## TheoremKB: a knowledge base of mathematical results

*2020: ENS - DI VALDA internship, under the supervision of Pierre Senellart*

TheoremKB is a project led by Pierre Senellart whose goal is to build semantic knowledge from a collection of scientific articles in the PDF format. One of the key goals of TheoremKB is to be able to compute the graph of theoretical results from a given research topic. In this graph, an edge is drawn from a result A to result B when B is used in the proof of A. Having a finer resolution than the citation graph, as nodes are individual results instead of whole documents, this graph should allow deducing interesting facts on scientific research, such as whether we can find proof cycles among papers (which would be possible as some authors cite not yet published content), or what results are impacted if a proof is found to be incorrect. The project aims at making bibliographical work easier by having a deeper understanding of how papers are related to each other.
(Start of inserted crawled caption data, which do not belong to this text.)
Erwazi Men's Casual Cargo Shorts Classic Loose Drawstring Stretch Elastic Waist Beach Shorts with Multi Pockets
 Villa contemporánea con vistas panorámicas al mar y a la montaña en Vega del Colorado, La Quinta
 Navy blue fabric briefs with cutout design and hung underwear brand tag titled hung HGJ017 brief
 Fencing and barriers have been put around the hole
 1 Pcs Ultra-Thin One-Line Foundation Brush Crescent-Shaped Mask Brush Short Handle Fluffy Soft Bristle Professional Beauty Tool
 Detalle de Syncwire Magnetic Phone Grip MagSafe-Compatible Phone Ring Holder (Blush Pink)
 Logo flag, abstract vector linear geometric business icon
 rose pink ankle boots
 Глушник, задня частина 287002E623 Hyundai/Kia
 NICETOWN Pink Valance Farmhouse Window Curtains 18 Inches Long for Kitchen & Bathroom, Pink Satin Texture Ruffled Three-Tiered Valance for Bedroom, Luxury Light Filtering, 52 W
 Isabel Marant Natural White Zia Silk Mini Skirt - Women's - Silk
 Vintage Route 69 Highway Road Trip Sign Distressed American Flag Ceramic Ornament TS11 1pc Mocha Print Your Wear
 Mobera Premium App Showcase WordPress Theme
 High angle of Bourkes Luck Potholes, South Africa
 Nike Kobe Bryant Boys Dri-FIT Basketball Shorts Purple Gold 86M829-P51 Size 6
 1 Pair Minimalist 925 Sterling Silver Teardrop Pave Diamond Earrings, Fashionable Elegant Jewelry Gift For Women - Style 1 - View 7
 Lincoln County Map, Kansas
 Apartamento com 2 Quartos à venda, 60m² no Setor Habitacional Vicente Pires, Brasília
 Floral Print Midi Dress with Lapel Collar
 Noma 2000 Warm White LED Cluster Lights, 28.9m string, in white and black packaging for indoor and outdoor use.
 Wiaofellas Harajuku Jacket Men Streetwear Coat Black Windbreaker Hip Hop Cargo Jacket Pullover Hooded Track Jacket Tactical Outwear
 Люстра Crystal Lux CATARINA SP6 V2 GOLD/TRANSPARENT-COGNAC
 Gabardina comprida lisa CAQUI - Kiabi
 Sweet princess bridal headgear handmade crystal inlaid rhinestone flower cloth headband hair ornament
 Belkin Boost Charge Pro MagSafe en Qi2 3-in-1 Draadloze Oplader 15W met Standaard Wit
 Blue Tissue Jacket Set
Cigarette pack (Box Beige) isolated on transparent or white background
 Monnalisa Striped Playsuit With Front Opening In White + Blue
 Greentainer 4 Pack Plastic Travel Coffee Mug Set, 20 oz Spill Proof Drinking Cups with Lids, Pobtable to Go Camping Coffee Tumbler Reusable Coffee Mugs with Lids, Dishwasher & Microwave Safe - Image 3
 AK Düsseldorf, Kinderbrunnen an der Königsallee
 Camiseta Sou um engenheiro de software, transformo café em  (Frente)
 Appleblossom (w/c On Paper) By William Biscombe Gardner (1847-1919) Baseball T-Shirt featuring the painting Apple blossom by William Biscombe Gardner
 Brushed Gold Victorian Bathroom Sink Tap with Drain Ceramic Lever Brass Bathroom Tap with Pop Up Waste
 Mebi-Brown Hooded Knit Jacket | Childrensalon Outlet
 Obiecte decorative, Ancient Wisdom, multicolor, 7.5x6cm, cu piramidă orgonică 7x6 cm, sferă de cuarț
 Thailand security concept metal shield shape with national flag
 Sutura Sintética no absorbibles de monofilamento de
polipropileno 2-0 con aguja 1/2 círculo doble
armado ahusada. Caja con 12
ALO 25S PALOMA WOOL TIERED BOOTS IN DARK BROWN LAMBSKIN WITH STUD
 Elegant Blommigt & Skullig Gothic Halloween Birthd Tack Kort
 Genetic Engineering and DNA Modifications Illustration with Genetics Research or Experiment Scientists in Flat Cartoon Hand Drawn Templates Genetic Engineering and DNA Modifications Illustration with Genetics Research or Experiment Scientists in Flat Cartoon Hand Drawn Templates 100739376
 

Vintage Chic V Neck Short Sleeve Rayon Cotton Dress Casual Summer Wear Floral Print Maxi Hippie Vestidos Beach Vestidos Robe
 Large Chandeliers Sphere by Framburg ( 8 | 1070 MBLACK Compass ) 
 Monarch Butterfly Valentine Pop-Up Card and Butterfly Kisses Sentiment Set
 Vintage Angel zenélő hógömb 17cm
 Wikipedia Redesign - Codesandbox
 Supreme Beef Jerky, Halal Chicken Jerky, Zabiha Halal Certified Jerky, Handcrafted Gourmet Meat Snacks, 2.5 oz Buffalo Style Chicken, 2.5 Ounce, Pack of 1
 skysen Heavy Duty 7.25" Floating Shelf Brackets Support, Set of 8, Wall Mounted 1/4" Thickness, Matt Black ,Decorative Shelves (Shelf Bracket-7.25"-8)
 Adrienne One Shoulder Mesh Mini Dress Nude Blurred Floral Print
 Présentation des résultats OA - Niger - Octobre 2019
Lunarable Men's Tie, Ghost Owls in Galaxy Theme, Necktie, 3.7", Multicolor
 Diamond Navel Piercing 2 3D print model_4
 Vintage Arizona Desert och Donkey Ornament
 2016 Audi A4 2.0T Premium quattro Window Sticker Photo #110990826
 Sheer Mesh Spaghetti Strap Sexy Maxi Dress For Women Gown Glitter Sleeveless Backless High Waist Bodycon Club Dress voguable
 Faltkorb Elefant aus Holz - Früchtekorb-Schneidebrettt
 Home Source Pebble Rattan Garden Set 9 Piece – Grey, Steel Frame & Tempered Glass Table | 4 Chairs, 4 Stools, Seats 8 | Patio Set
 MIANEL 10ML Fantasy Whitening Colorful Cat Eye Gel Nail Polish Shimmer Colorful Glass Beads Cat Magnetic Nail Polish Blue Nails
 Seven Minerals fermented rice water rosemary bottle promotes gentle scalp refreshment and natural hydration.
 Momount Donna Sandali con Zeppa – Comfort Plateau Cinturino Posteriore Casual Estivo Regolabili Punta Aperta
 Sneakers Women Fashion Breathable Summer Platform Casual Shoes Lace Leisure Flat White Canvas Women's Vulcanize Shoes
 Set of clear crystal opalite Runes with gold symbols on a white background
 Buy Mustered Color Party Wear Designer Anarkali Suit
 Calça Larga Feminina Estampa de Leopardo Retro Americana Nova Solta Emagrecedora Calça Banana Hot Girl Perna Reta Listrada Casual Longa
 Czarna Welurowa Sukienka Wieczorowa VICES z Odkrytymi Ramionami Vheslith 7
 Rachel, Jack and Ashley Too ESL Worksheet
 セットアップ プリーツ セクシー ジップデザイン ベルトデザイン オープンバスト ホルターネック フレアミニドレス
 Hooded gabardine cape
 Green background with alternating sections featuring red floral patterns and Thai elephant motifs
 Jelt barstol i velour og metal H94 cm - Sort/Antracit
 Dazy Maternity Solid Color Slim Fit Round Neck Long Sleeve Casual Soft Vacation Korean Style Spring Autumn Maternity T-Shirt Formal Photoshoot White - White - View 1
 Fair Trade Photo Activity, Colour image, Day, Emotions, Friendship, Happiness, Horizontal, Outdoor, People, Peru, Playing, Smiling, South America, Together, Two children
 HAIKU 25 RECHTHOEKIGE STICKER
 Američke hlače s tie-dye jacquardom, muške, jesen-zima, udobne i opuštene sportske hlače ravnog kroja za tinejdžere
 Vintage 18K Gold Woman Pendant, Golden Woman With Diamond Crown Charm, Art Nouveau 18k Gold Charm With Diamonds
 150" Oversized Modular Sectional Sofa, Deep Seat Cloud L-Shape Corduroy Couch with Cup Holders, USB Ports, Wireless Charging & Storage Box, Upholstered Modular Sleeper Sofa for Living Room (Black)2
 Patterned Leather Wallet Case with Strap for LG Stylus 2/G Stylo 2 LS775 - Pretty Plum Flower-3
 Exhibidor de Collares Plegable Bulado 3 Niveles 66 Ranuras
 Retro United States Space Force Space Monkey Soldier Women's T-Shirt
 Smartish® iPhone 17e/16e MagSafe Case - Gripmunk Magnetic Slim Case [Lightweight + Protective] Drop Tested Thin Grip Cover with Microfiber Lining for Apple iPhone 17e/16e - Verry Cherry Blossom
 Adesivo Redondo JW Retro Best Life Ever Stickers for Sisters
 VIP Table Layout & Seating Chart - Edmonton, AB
I have developped a set of tools and libraries to perform *theorem extraction* using conditional random fields. While it doesn't beat state-of-the-art methods, the framework will allow building more complex algorithms performing information extraction in the TheoremKB project.

## Learning Sudoku rules with conditional random fields

*2017: EPFL - CVlab internship, under the supervision of Pierre Baqué and Pascal Fua*

Combining backpropagation with Mean-Field inference models: the goal was to study these techniques in order to learn the rules of Sudoku as an ill-posed problem. Indeed given a grid it's possible to have multiple valid solutions. Pierre Baqué's (my internship mentor) Multi-Modal Mean-Field model should be able to cope with that kind of problems, combined with traditional machine learning techniques.

Learning the Sudoku rules as a set of constraints have been a success for the 4x4 version but I faced combinatorial difficulties in the 9x9 (traditional Sudoku) case, as inferring correct grids given a set of CRF constraints was proven to be a hard problem.